Thai phonology engine with pluggable transliteration systems.
Project description
thaiphon
A zero-dependency Thai phonological transliteration engine. 75 % exact-match
accuracy against independent Wiktionary IPA ground truth when installed with
the optional thaiphon-data-volubilis lexicon package; 57 % on the base
engine alone (see Accuracy for details).
- Try it online: rianthai.pro/thai-transliteration — no install needed. Built for teachers, Thai language learners, and anyone who just wants to type a word and see its pronunciation.

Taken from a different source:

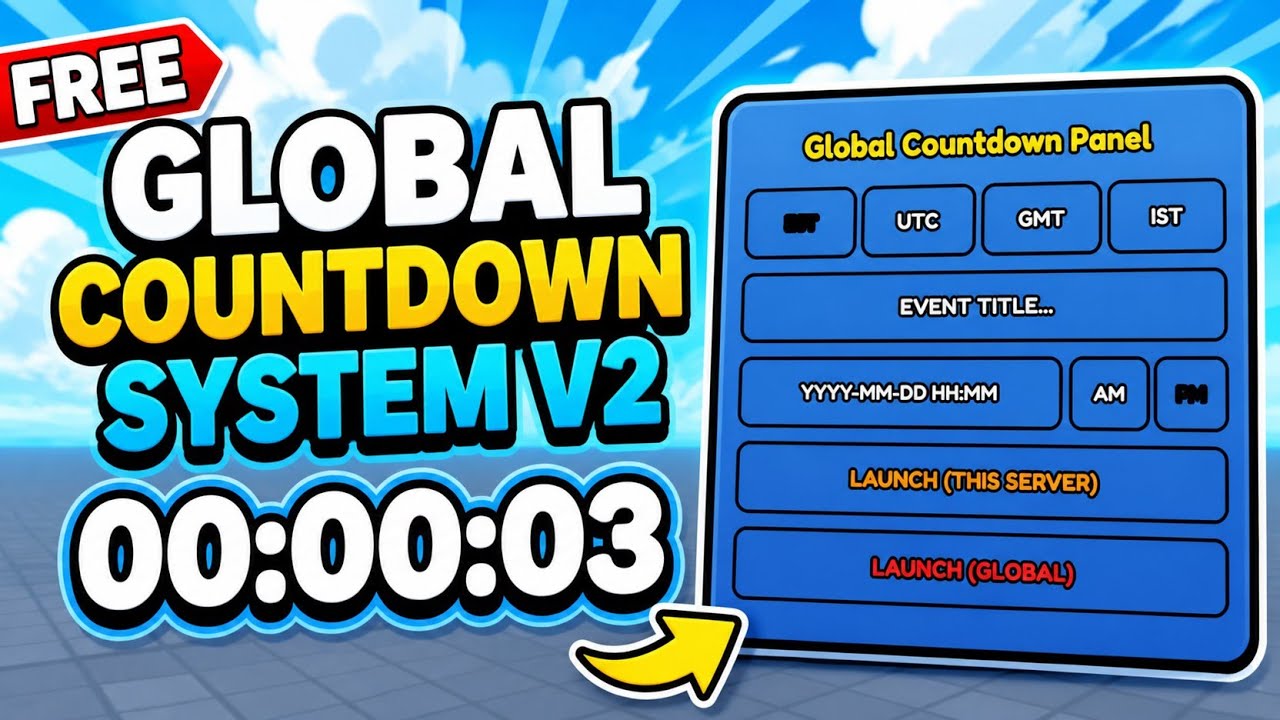 [ FREE ] Global Countdown System V2 Roblox Studio - YouTube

- Documentation: rianthai.pro/docs/thaiphon
What it does
Thai script goes in; transliteration comes out. The engine first resolves
the input into a phonological word — a tuple of syllables, each
decomposed into IPA-based onset, vowel quality, vowel length, coda, and
tone. Every output scheme is then a small declarative SchemeMapping
that renames those phonemes into a target surface form. Add a new
scheme by writing data, not code.
Eight built-in renderers ship with the package:
ipa— IPA with tone contour digits (the default phonological representation used for the Wiktionary benchmark).tlc— thai-language.com "Enhanced Phonemic" with bracketed tone tags ({M},{L},{H},{F},{R}). Supportsformat="html", which emits the tone markers as<sup>tags instead of braces (naam<sup>H</sup>) to match the thai-language.com rendering.rtgs— Royal Thai General System of Transcription (the 2002 Royal Institute specification). Plain ASCII Latin output with no tone marks, no length distinction, and no diacritics — aspirated stops asph,th,kh,ch; six final consonants (k,t,p,n,m,ng). The canonical "official" form used on road signs, map names, and government publications.rtl— Rak Thai Language School convention. IPA-style vowels (ʉ ɛ ɔ ə), aspirated-stop digraphs (ph,th,kh,ch), an explicitʼ(U+02BC) for vowel-initial syllables, and a macron on mid-tone vowels. Syllable separator is a single space.paiboon— the original Paiboon Publishing romanization used in the first-edition Thai for Beginners series. Aspirated stops take bare letters (p,t,k,ch); unaspirated voiceless stops use English-cluster digraphs (bp,dt,g,j). IPA-style vowels double for length (aa,ii,ʉʉ). Centring diphthongs have no short/long distinction in spelling (ia,ʉa,ua). Syllable separator is-.paiboon_plus— the revised system adopted in the 2009 Three-Way dictionary. Identical topaiboonexcept the centring diphthongs double for length (shortia ʉa ua, longiia ʉʉa uua) and the triphthong-like combinations follow suit (iiao,uuai,ʉʉai).morev— Cyrillic transliteration following the Russian-academic dictionary-citation tradition. Aspirated stops as digraphs (кх,тх,пх) in text mode and asк<sup>х</sup>etc in HTML mode. Vowel length marked by a combining macron; tone by a spacing diacritic at the end of the syllable.lmt— learner-textbook Cyrillic in the Lipilina-Muzychenko-Thapanosoth convention. Tones render as Unicode superscript digits (⁰mid,¹low,²falling,³high,⁴rising); vowel length is marked with an ASCII colon (ка:for/kaː/); syllables inside a word are space-separated. HTML mode wraps the tone digit in<sup>…</sup>. Complementsmorevwith a textbook-style layout rather than dictionary-citation typography.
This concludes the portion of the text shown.